Armando Iannucci made it clear with last week's episode that "Veep" will be steering away from anything resembling real issues. While a pregnant Selina Meyer (Julia Louis-Dreyfuss) at the end of "Baseball" opened the door to a potentially inspired direction for the show, one episode later it was explained away by Meyer having a miscarriage, as the veep and her team moved on to the next issue that was plaguing their office. The show's established theme is that the office of the veep is essentially powerless and even meaningless, and as a result it doesn't have much to say about the political climate in Washington except for how it operates on the most superficial level. The recurring theme is that those in Washington who wield power and influence are stupid, assholes, self-involved or all three at once. Listen, we get it, but we hope as "Veep" moves into season two it has a bit more to say as they are running out of non-issues to try and mine for laughs.
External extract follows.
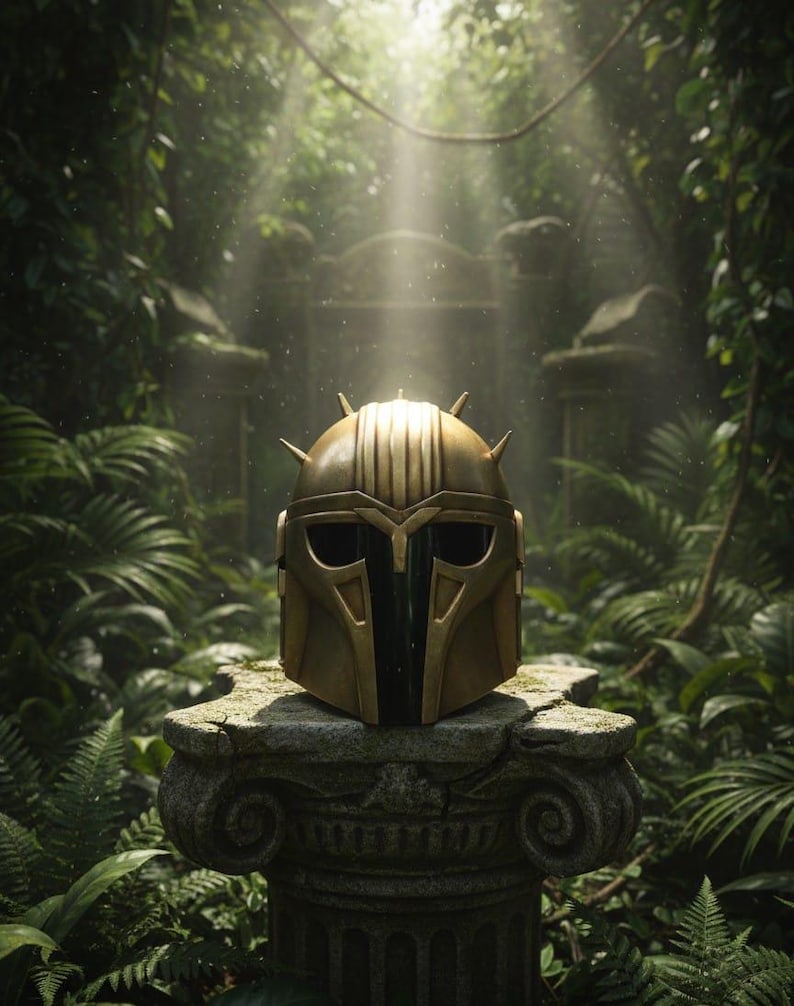 May include: A gold-colored helmet with a distinctive visor and spiked details, resting on a weathered stone pedestal. The helmet is the focal point, set against a lush, green, jungle backdrop with sunlight filtering through the foliage. The helmet's design suggests a futuristic or fantasy theme.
"Tears" focuses on just that, with Selina Meyer's sudden (and kind of random) crying fits throwing herself and her office through more hoops. The team heads to Cleveland this week, where Meyer is expected to endorse Congressman Furlong in his run for Governor. Unfortunately, Meyer arrives to find out that Furlong no longer wants her backing, with her recent 66% disapproval rating ("That's everyone in America who's awake right now") making her "damaged goods." Meyer is rightfully pissed, not only because she's made the trip for nothing, but also because of the embarassment the whole incident will cause her. However, in a confrontational meeting with Furlong she unexpectedly breaks down into tears, mumbling stuff about the variety of problems she has from not seeing her daughter for a few months to the sudden end of her relationship with Ted.

However, witnessing Selina's sudden tears gives Mike (Matt Walsh) and Amy (Anna Chlumsky) an idea -- they are going to try and "tweak the tear nipple." Due to give an interview to a local reporter, Mike pulls the journalist aside and slyly suggests to steer the direction toward her daughter, the disapproval numbers and the most recent bit of intel: that governor Danny Chung is golfing with the President. You might remember that not only is he being buzzed about as a potential running mate for the President in the next election, but that Meyer committed a serious gaffe when she went on "Meet The Press" and wrongly declared he wasn't eligible for a White House position because he wasn't born in the country. The interview goes in the direction Mike and Amy hope, and Selina has a brief breakdown before magnificently turning it into a statement about the work ethic and spirit of Ohio. "She is magnificent," Gary (Tony Hale) says in awe.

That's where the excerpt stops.